[About this task]: With any pictures left out, restate word for word the lines in the listing below from the one holding "简约节气时节竖版海报立冬海报素材" through the last.

--------

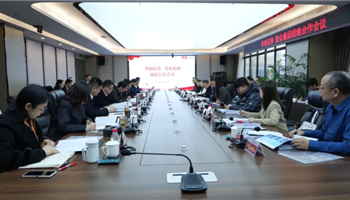 008008PG国际(中国区)-官方网站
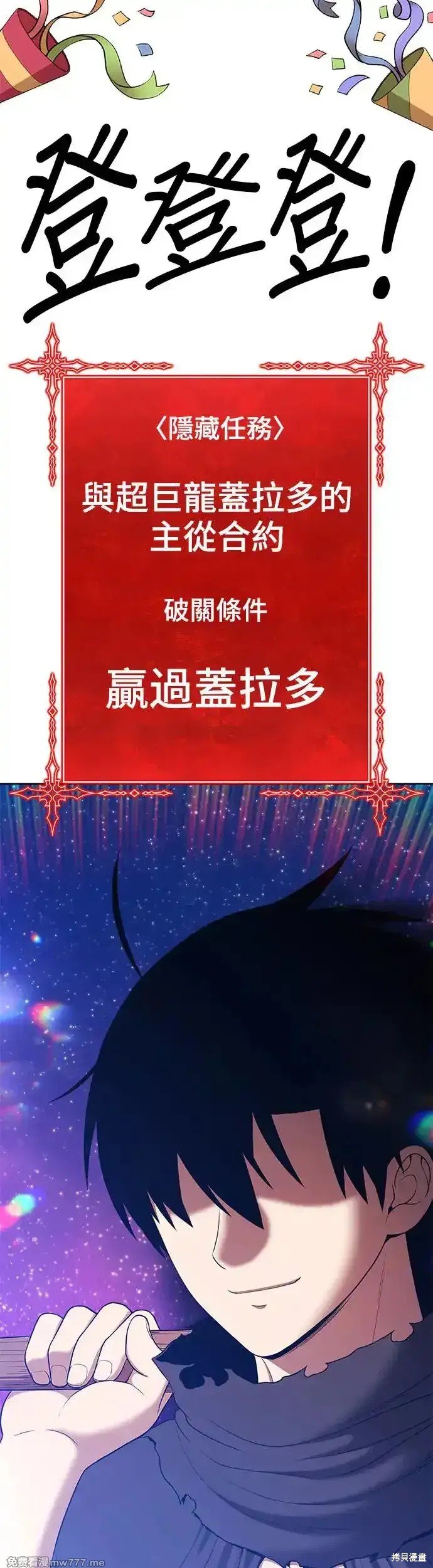 第二季 第12话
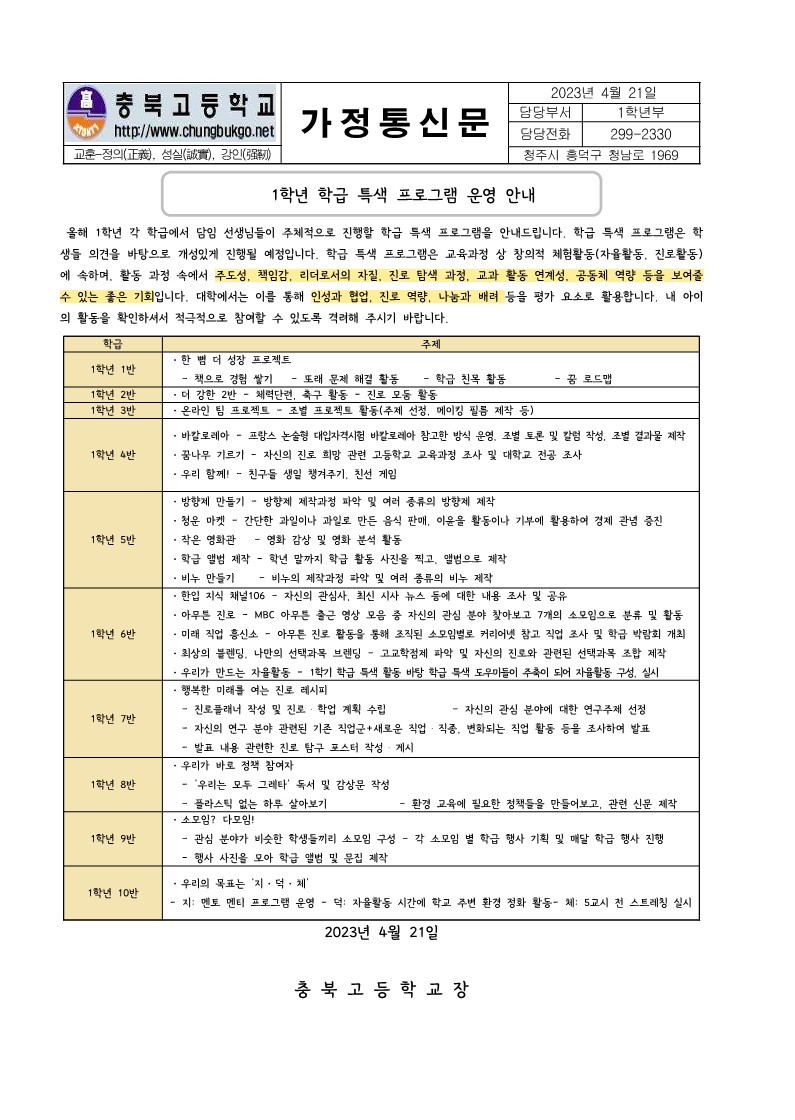(가정통신문)1학년 학급특색프로그램 안내_1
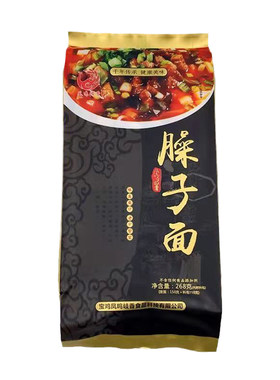 宝鸡岐山臊子带调料268克*3袋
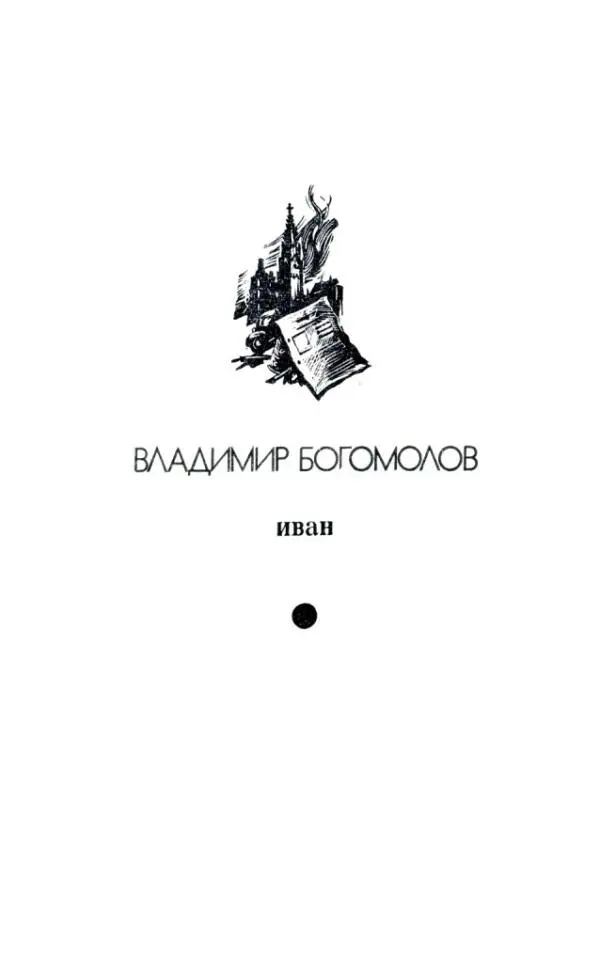 ВЛАДИМИР БОГОМОЛОВ иван 1 Вту ночь я собирался перед рассветом проверить - фото 13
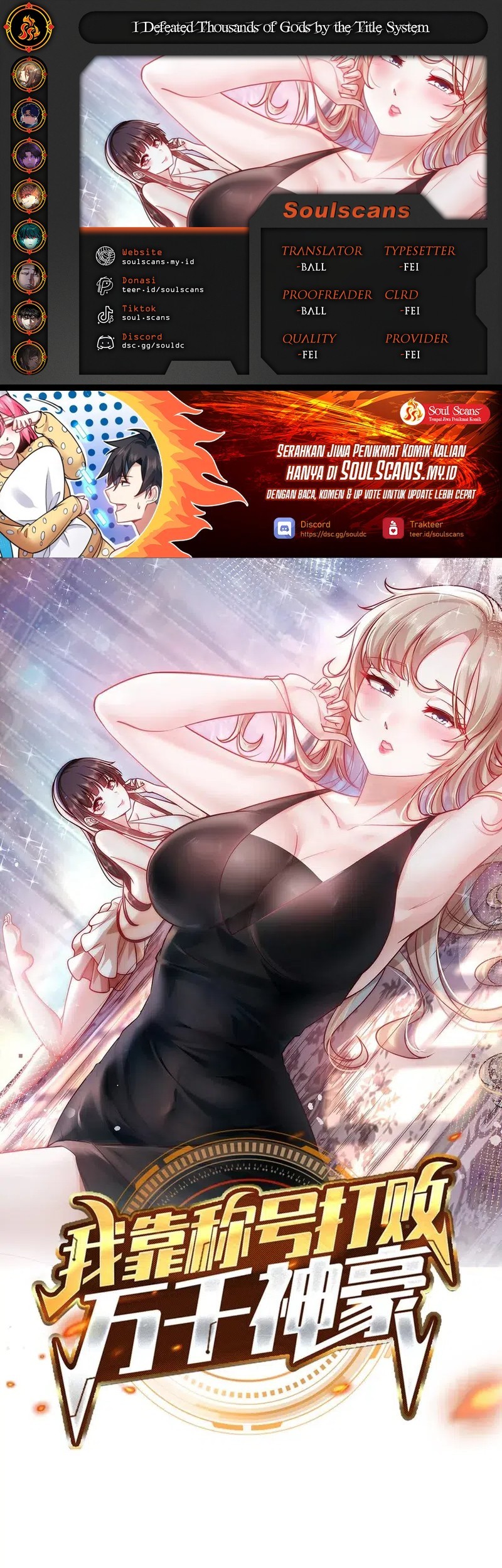 Komik I Defeat Countless Tycoons With My Title System Chapter 66 gambar nomor 1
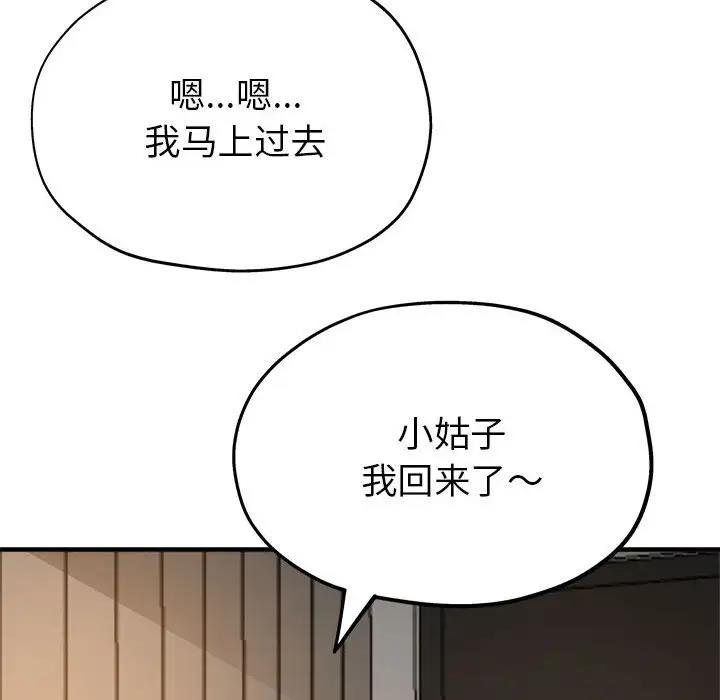 第5话-亲家的女人们-freexcomic.com（第44张）
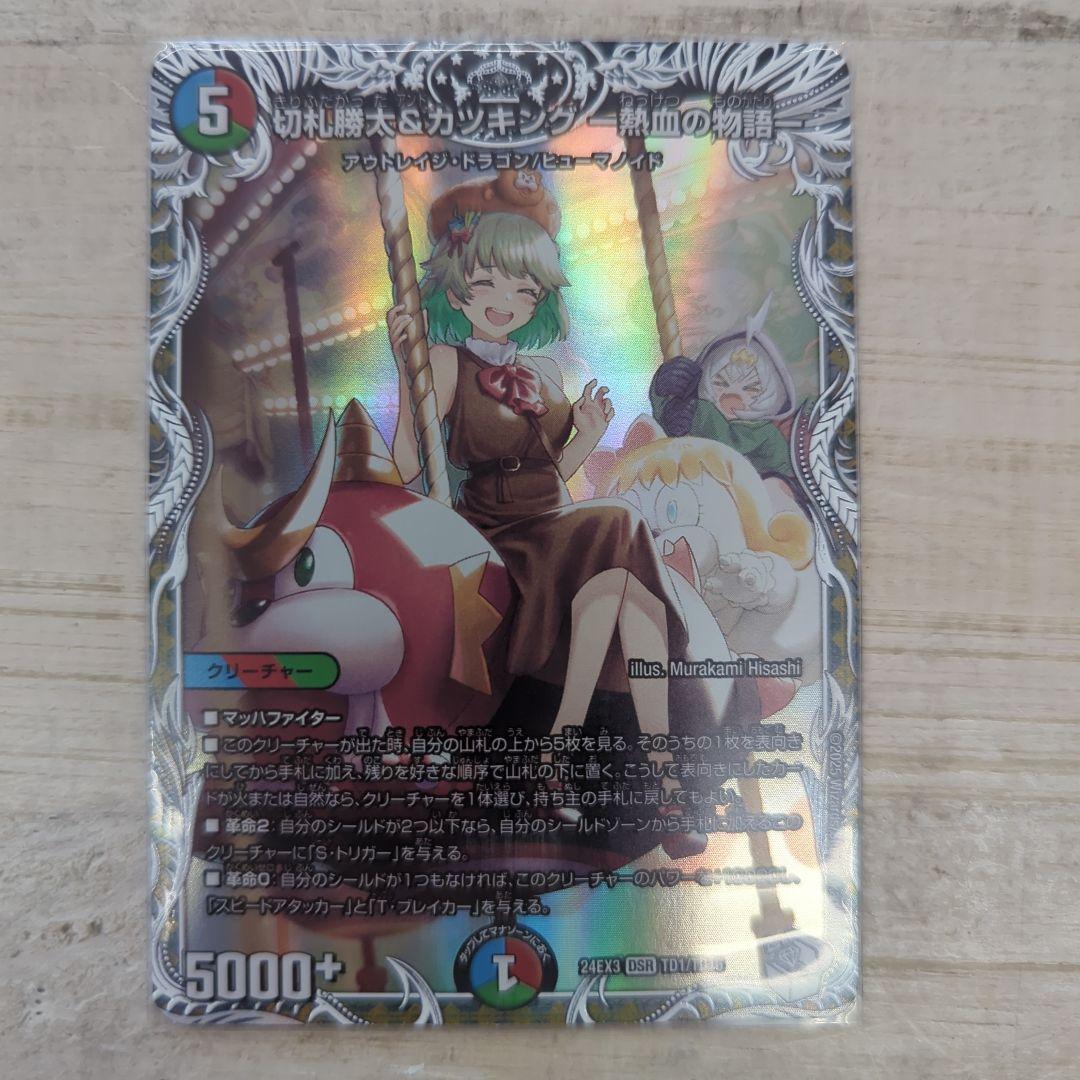 切札勝太＆カツキング 熱血の物語 キャラプレミアムトレジャー - メルカリ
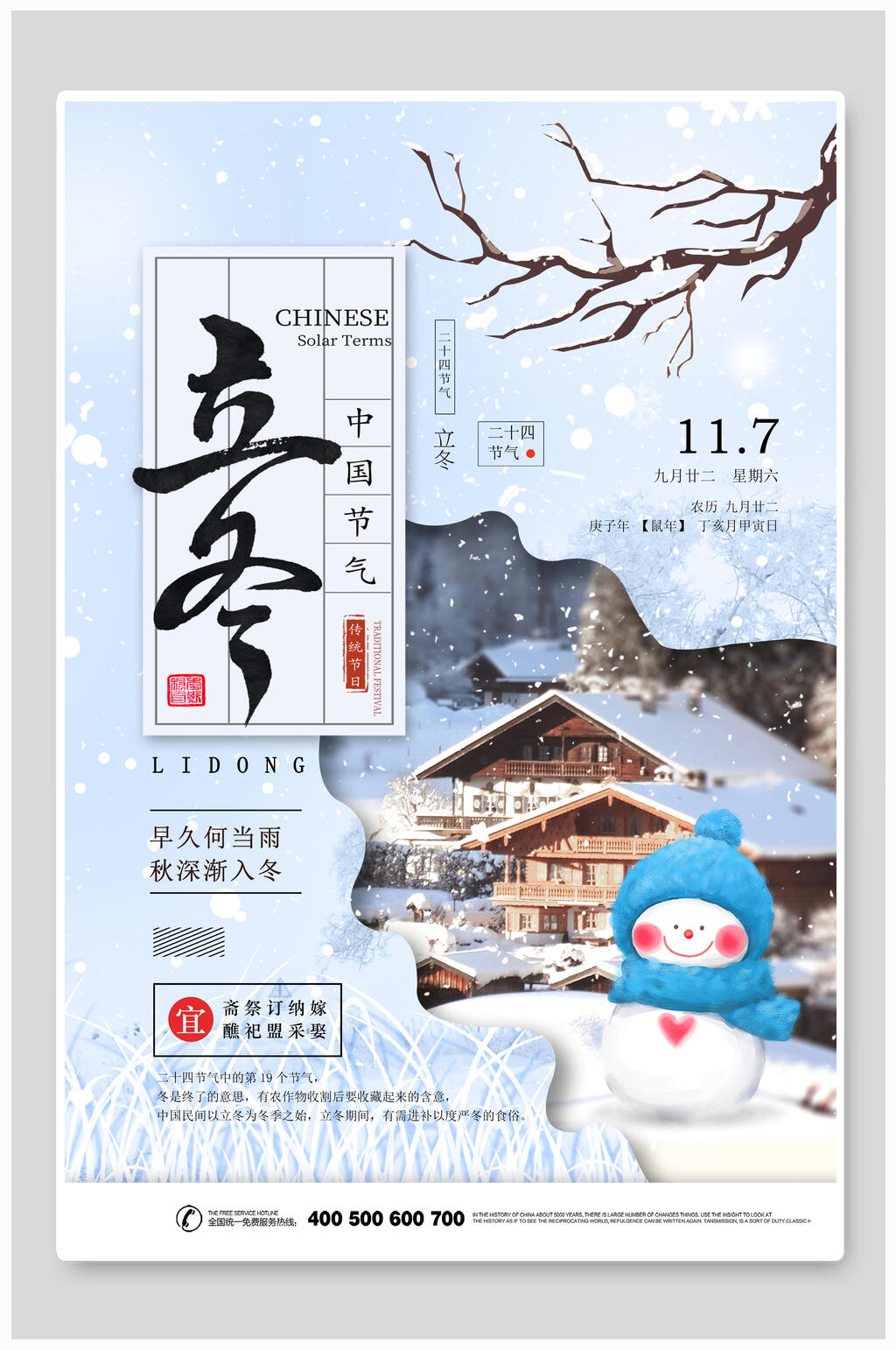 简约节气时节竖版海报立冬海报素材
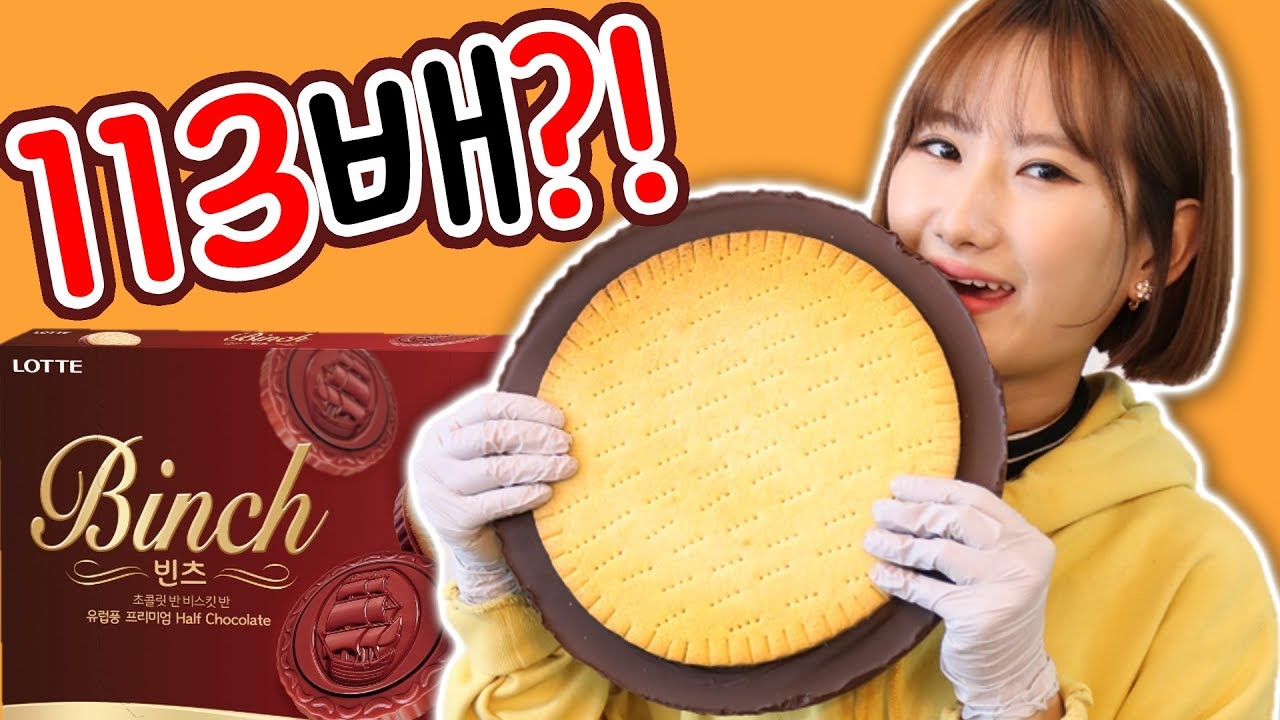 무려 113배😱! 어마어마한 '대왕 빈츠 만들기' 🍪 │순백설탕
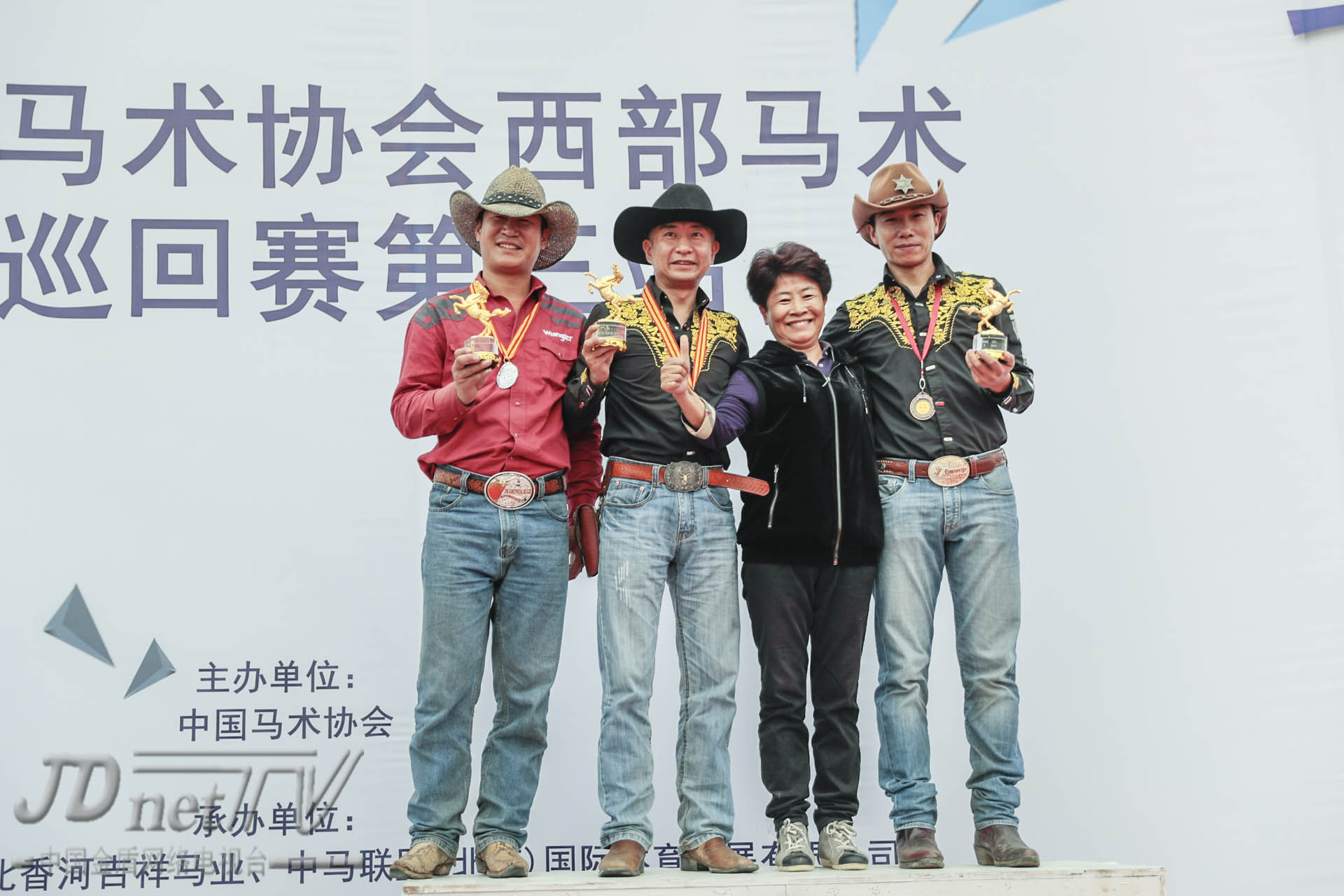 亚军:骆翔 西部巨人 西部霸主 季军:贾惠林 天拓九州爱马汇 九州木兰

--------

[Exercise answer]:
 简约节气时节竖版海报立冬海报素材
 무려 113배😱! 어마어마한 '대왕 빈츠 만들기' 🍪 │순백설탕
 亚军:骆翔 西部巨人 西部霸主 季军:贾惠林 天拓九州爱马汇 九州木兰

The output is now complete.